Window functions are a powerful feature in SQL that allow you to perform calculations across a set of table rows that are somehow related to the current row. This capability is particularly useful for tasks such as ranking, aggregating, and filtering data without collapsing the result set into a single output row. In this article, we will explore how to effectively use window functions in SQL, focusing on their applications in ranking, aggregating, and filtering data.
A window function operates on a set of rows defined by an OVER() clause. The basic syntax of a window function is:
function_name(column_name) OVER (PARTITION BY column_name ORDER BY column_name)
One of the most common uses of window functions is to rank data. SQL provides several ranking functions:
SELECT employee_id, salary,
RANK() OVER (ORDER BY salary DESC) AS salary_rank
FROM employees;
In this example, employees are ranked based on their salary in descending order. Tied salaries will receive the same rank, and the next rank will be incremented accordingly.
Window functions can also be used for aggregating data without collapsing the result set. Common aggregate functions include SUM(), AVG(), COUNT(), etc.
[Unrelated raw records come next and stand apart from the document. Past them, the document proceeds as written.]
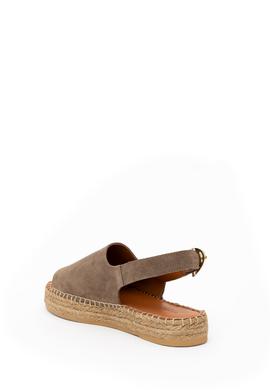 Kadın Vizon Ayakkabı - 50266775028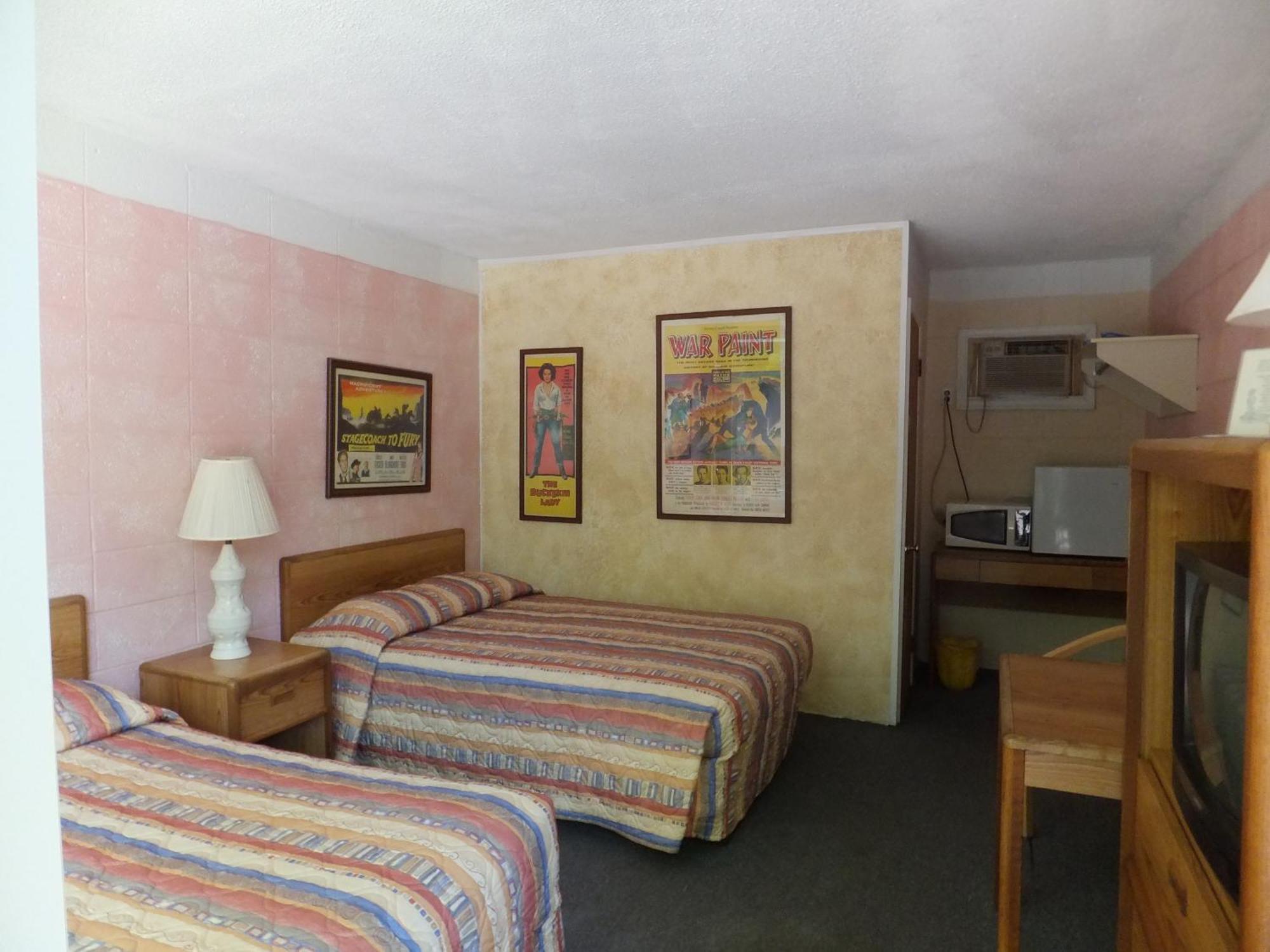 Windsor Motel Lake George Dış mekan fotoğraf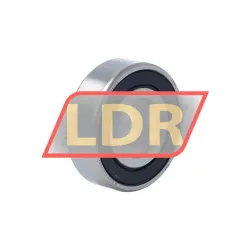SKF W6202-2RS1/W64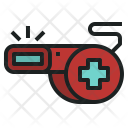 پیش‌نمایش فایل rescue-whistle از پک Rescue 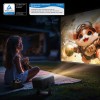 Лазерный проектор Hisense C2Pro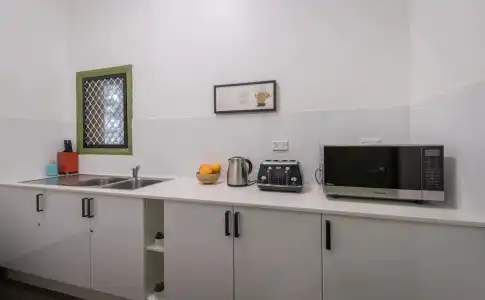 Sydney Central Inn - Hostel - 7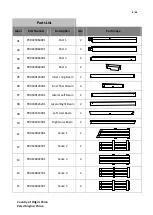 Preview for 8 page of Sunjoy A102014100 Assembly Instruction Manual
SELECT order_id, sale_amount,
SUM(sale_amount) OVER (ORDER BY order_date) AS running_total
FROM sales;
This query calculates a running total of sales amounts ordered by the order date, allowing you to see cumulative sales over time.
While window functions do not directly filter rows, you can use them in conjunction with common table expressions (CTEs) or subqueries to filter based on the results of a window function.
WITH ranked_sales AS (
SELECT region, sale_amount,
RANK() OVER (PARTITION BY region ORDER BY sale_amount DESC) AS rank
FROM sales
)
SELECT region, sale_amount
FROM ranked_sales
WHERE rank <= 3;
In this example, we first rank sales within each region and then filter to get the top 3 sales per region.
Window functions are essential for performing complex data analysis in SQL. By mastering ranking, aggregating, and filtering with window functions, you can enhance your data manipulation skills and prepare effectively for technical interviews. Understanding these concepts will not only help you in interviews but also in real-world data analysis tasks.